Data excerpts
______

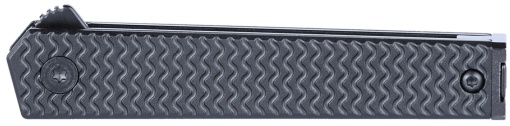 Briceag CEO Microflipper Black Drop Point, CRKT - Img 3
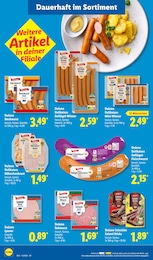 Wiener Würstchen im Lidl Prospekt Wiener Würstchen im Lidl Prospekt LIDL LOHNT SICH auf S. 24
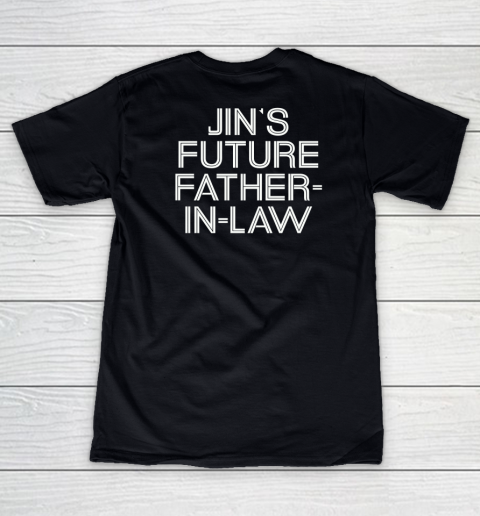 Jin's Future Father In Law Women's V-Neck T-Shirt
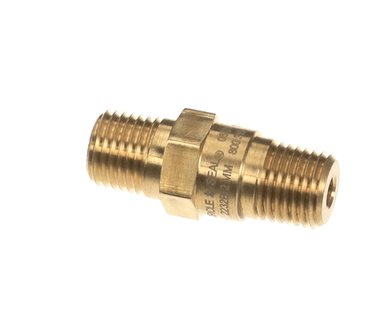 MULTIPLEX 00201702 VALVE CHECK 1/4 MPT BRASS W/VI
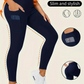 ✨Zaubert eine Traumfigur: High-Waist Yoga-Hose mit Shape-Effekt 🍑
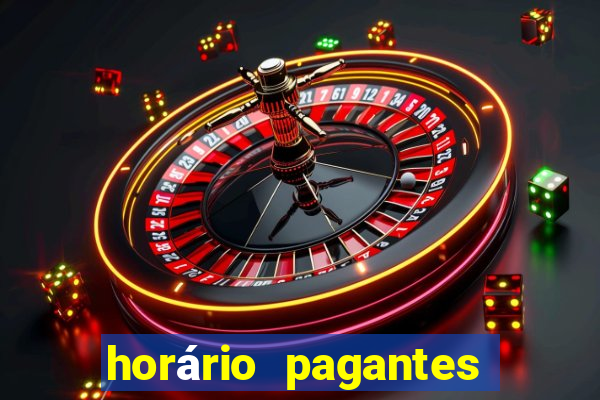 horário pagantes fortune tiger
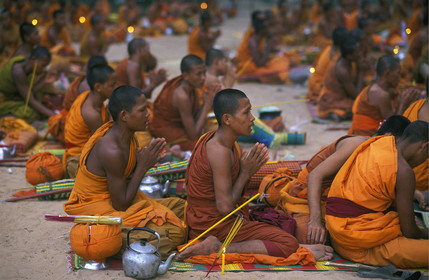 Angkor. Cambodge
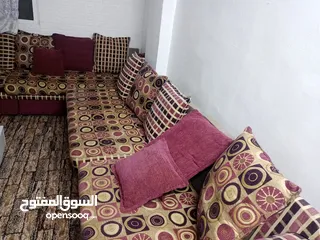  2 طقم كورنر خليجي نظيف للبيع
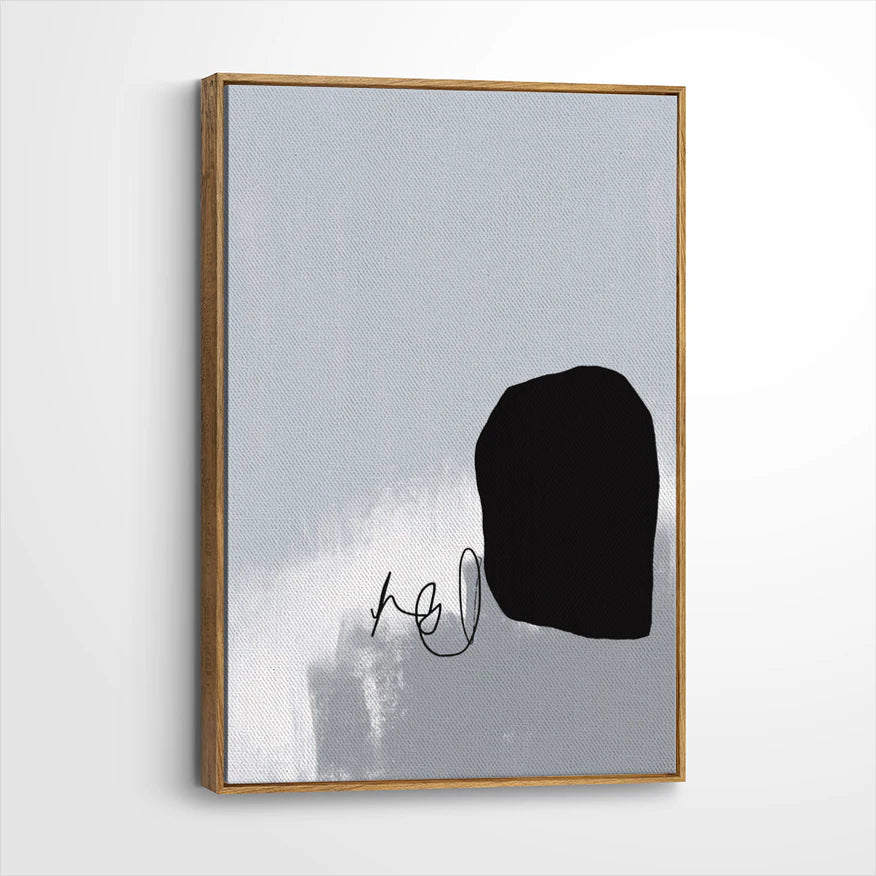 framed-canvas-brown-walnut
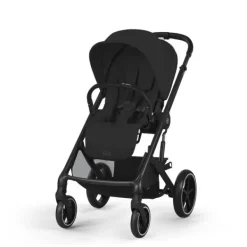 Cybex Reiswieg Cot S Lux Moon Black - Black><noscript><img width=
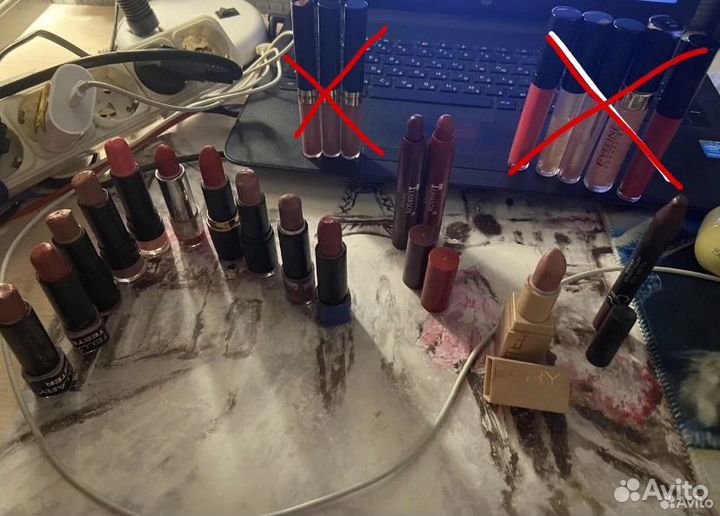 Подады, блески для губ пробники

______

An exact copy is needed of every line from the one holding "Angkor. Cambodge" to the end of the entries above, both ends kept and each picture dropped.

## SOLUTION BELOW
 Angkor. Cambodge
  2 طقم كورنر خليجي نظيف للبيع
 framed-canvas-brown-walnut
 Cybex Reiswieg Cot S Lux Moon Black - Black><noscript><img width=
 Подады, блески для губ пробники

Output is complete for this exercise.